In practice the "swaps" amount to individual sales of oil shipments that allow for significant savings in transportation, ranging from 60 cents to almost $2 a barrel, and increased revenues for the state or the oil companies.

At the Energy Department yesterday, a senior DOE official said Gov. Hammond's proposal "tends to fold into a large range of options regarding the West Coast crude surplus," and that it is unlikely Schlesinger will act immediately on the Alaskan proposal. However, DOE is circulating proposals for Alaskan oil exports within the administration that call for a range of options, including:

Allowing exports of all 1.2 million barrels a day of Alaskan oil production.

Allowing exports of production above the 1.2 million-barrel current production flowing through the Alaskan pipeline.

Over the last year and a half, Energy Secretary James R. Schlesinger has been overruled by President Carter during Cabinet-level discussions on whether the White House should send an Alaskan oil swap to Congress for approval.

The Energy Department at various times has favored Alaskan oil exports as a means of relieving the West Coast oil glut, currently estimated at 400,000 barrels a day, and to provide an added incentive for the major oil companies to increase Alaskan production and expand the capacity of the 800-mile trans-Alaska pipeline.
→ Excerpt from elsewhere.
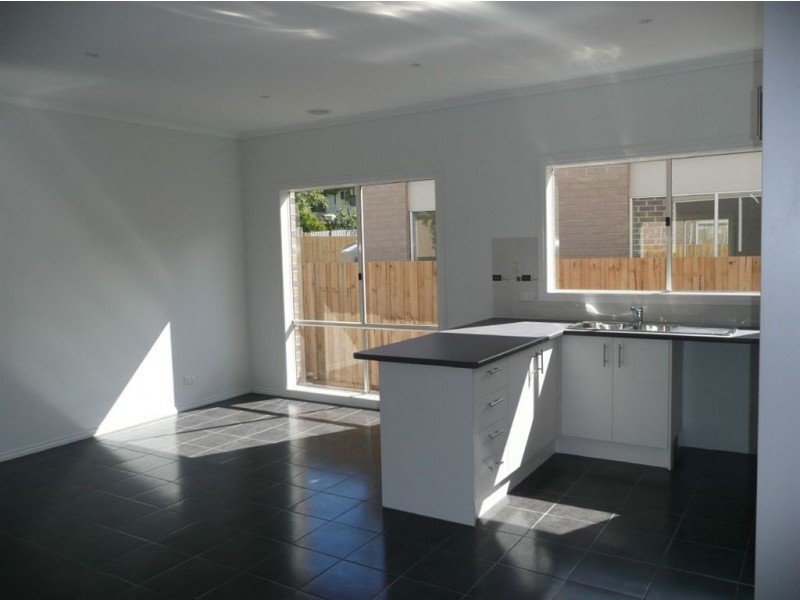 75a Main South Road, Drouin VIC 3818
Under the Export Administration Act and the Trans Alaskan Pipeline Act Congress can veto an administration proposal to export Alaskan oil.

In the past Carter has decided against sending the Alaskan oil swap proposals to Congress because of the awkward position the administration might be politically calling for exporting American oil production while the country is wrestling with its own energy problems.

Arlon R. Tussing, a consultant with the Alaskan state legislature, said, "The swap would not affect domestic oil prices -- the state wants it that way." At the same time, however, Tussing said the state swap with Japan would increase Alaska's share of oil revenues and in turn could increase Mexico's oil revenues as well.

Alaska is entitled to 12.5 percent of the oil production from the Prudhoe Bay fields or, if it chooses, the cash equivalent of the oil. Last year the state earned $431 million from severance taxes, royalty payments and property taxes from oil production -- most of which was related to the North Slope production. Currently the state is accepting about 25,000 barrels a day of its royalty oil for a refinery near Fairbanks and takes the rest in cash.